Write out each record below exactly as it appears, with no pictures.

▶ [Dataset items]

------------------------------------------------

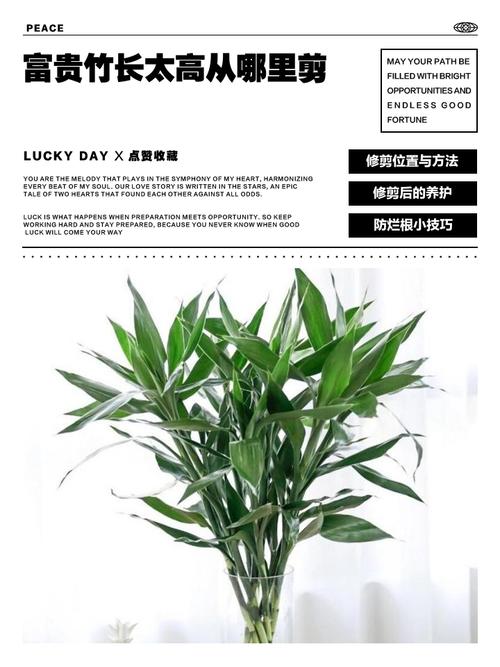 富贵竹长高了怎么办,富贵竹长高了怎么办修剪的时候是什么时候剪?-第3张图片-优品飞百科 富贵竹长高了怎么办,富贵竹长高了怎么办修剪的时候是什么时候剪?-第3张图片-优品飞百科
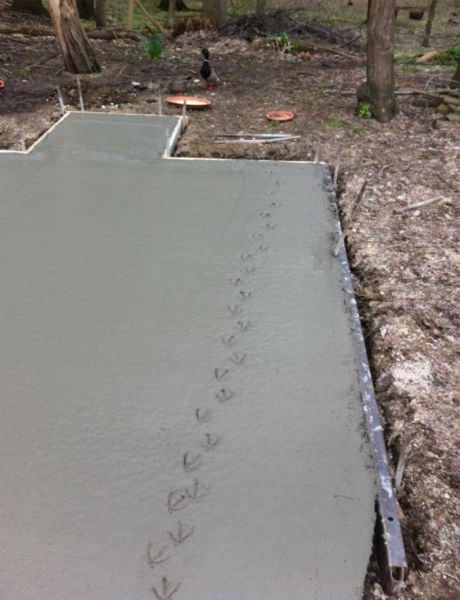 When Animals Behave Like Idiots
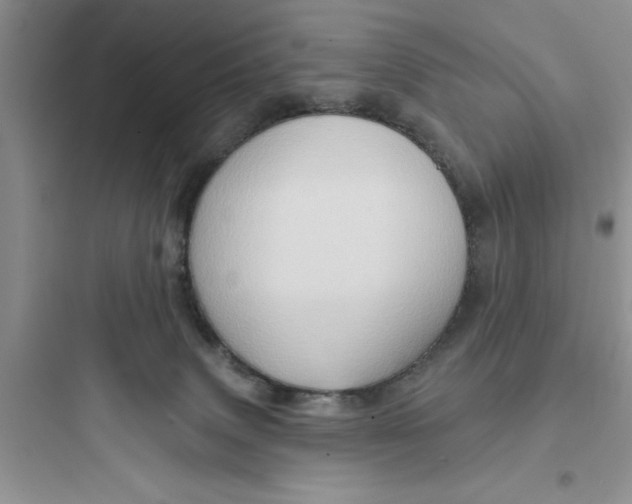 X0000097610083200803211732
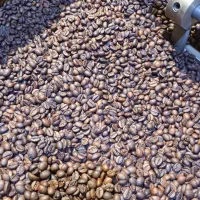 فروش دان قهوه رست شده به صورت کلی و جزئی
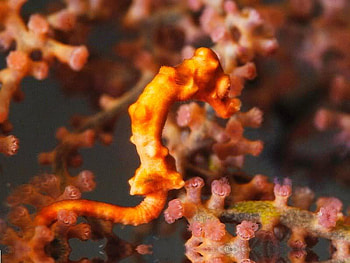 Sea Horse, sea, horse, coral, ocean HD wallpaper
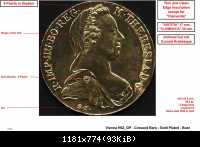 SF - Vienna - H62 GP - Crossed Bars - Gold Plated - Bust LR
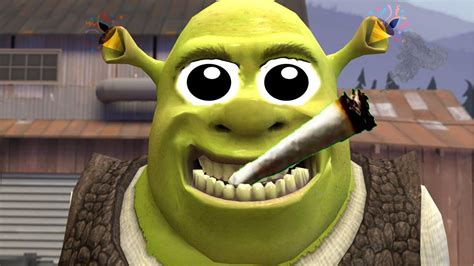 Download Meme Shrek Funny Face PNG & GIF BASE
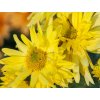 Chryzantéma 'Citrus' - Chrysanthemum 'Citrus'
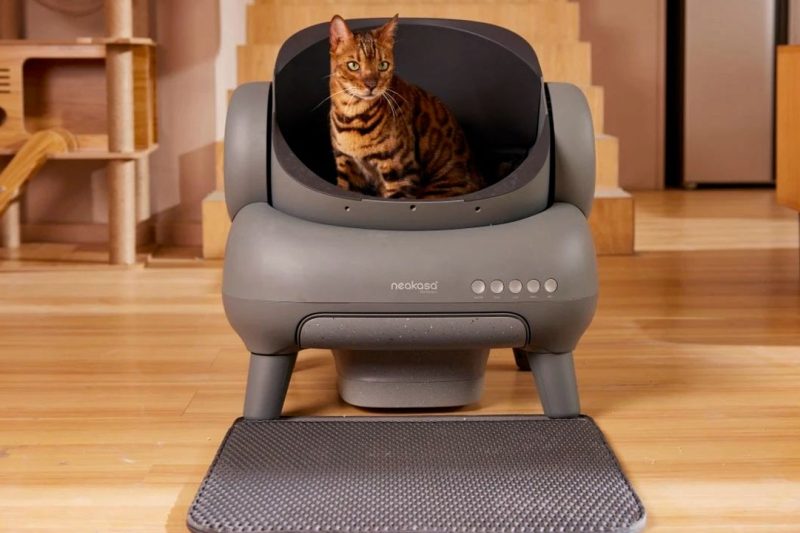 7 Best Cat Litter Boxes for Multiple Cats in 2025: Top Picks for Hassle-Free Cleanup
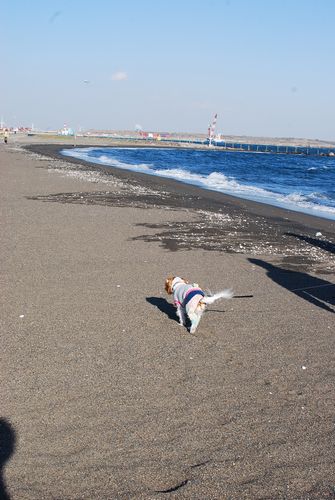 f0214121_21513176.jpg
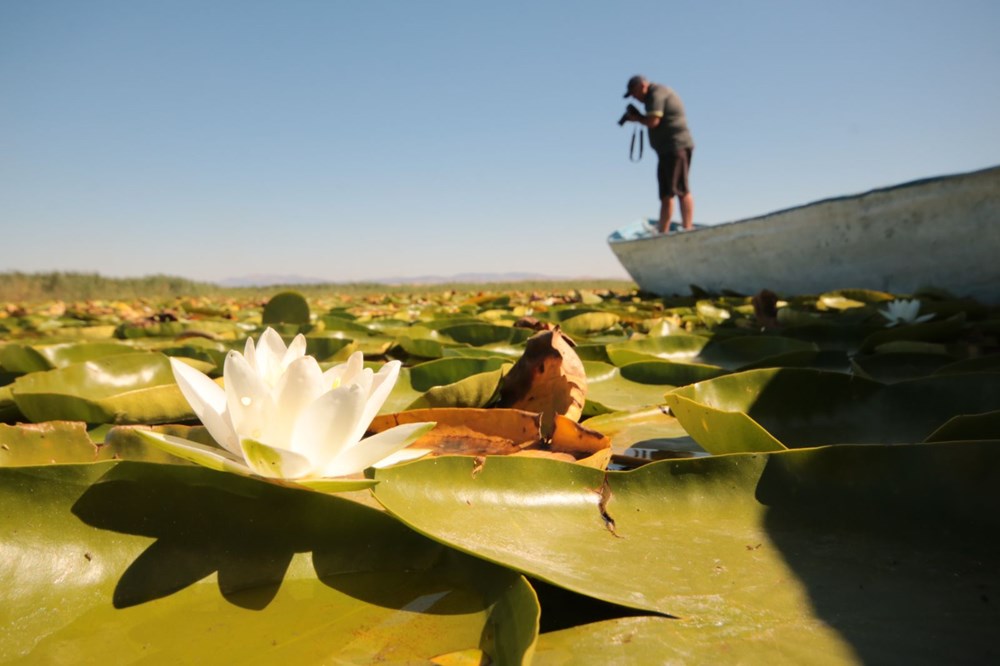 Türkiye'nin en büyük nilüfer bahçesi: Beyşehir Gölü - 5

------------------------------------------------

▶ [RESPONSE AREA]
 富贵竹长高了怎么办,富贵竹长高了怎么办修剪的时候是什么时候剪?-第3张图片-优品飞百科 富贵竹长高了怎么办,富贵竹长高了怎么办修剪的时候是什么时候剪?-第3张图片-优品飞百科
 When Animals Behave Like Idiots
 X0000097610083200803211732
 فروش دان قهوه رست شده به صورت کلی و جزئی
 Sea Horse, sea, horse, coral, ocean HD wallpaper
 SF - Vienna - H62 GP - Crossed Bars - Gold Plated - Bust LR
 Download Meme Shrek Funny Face PNG & GIF BASE
 Chryzantéma 'Citrus' - Chrysanthemum 'Citrus'
 7 Best Cat Litter Boxes for Multiple Cats in 2025: Top Picks for Hassle-Free Cleanup
 f0214121_21513176.jpg
 Türkiye'nin en büyük nilüfer bahçesi: Beyşehir Gölü - 5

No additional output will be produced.